I got them through US, and US seller got them from somewhere in Asia.


----------



## randy (Jan 29, 2012)

chinamon said:


> everything im reading about black diamond says that black diamond is the black tiger?
> 
> i would love to get my hands on fully black BKK.


Yes and no, depending on the context. In English world (actually, may be from German) you'll see black diamond being referred to as Black Tiger Orange Eye, aka BTOE (actually, certain grade of BTOE). But in Taiwan, black diamond (direct translation from Chinese) is used to refer to full black BKKs.

Nice shrimps and fantastic to look at, I wish I had some too.

I thought it was available in the group buy in September that I missed due to being out of country


----------



## igor.kanshyn (Jan 14, 2010)

jumpsmasher said:


> Wahoo! do i win anything?


Oh, yes, absolutely!
You are getting *one from two prices *for your choice.
You can get a starting colony of 10 golden yellow or 10 painted fire red shrimps. No jokes, fast and smart people are always getting the best


----------



## jumpsmasher (Oct 1, 2012)

igor.kanshyn said:


> Oh, yes, absolutely!
> You are getting *one from two prices *for your choice.
> You can get a starting colony of 10 golden yellow or 10 painted fire red shrimps. No jokes, fast and smart people are always getting the best


Well I was just joking - a bit far for me to get shrimps from ya 

Are you going to be breeding these out? The new carbon rilli's are pretty neat as well.


----------



## igor.kanshyn (Jan 14, 2010)

jumpsmasher said:


> Well I was just joking - a bit far for me to get shrimps from ya
> 
> Are you going to be breeding these out? The new carbon rilli's are pretty neat as well.
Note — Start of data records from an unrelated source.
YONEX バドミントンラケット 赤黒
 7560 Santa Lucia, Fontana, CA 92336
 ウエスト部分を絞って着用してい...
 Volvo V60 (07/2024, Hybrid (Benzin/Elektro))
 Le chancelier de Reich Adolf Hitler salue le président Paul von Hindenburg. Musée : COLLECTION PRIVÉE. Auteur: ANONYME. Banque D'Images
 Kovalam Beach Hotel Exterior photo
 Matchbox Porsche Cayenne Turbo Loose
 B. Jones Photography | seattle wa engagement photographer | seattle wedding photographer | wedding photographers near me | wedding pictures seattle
Ah, you are in Calgari, I didn't noticed that. I can ship 
I know some people interested in shrimps in your city 

Yes, I will breed them. I have some babies already and they are brown. They should grow fine. We will see.


----------



## igor.kanshyn (Jan 14, 2010)

*New picture*


----------



## camboy012406 (Jun 11, 2010)

igor, do they breed true? I heard some of them get brown


----------



## igor.kanshyn (Jan 14, 2010)

camboy012406 said:


> igor, do they breed true? I heard some of them get brown


I can't tell now. Some babies look quite green, but they are still small. They might change color live blue velvet and green babaulti do.


----------



## CanadaPleco (Sep 7, 2009)

Those are really cool looking! Hope you get your populations up soon


----------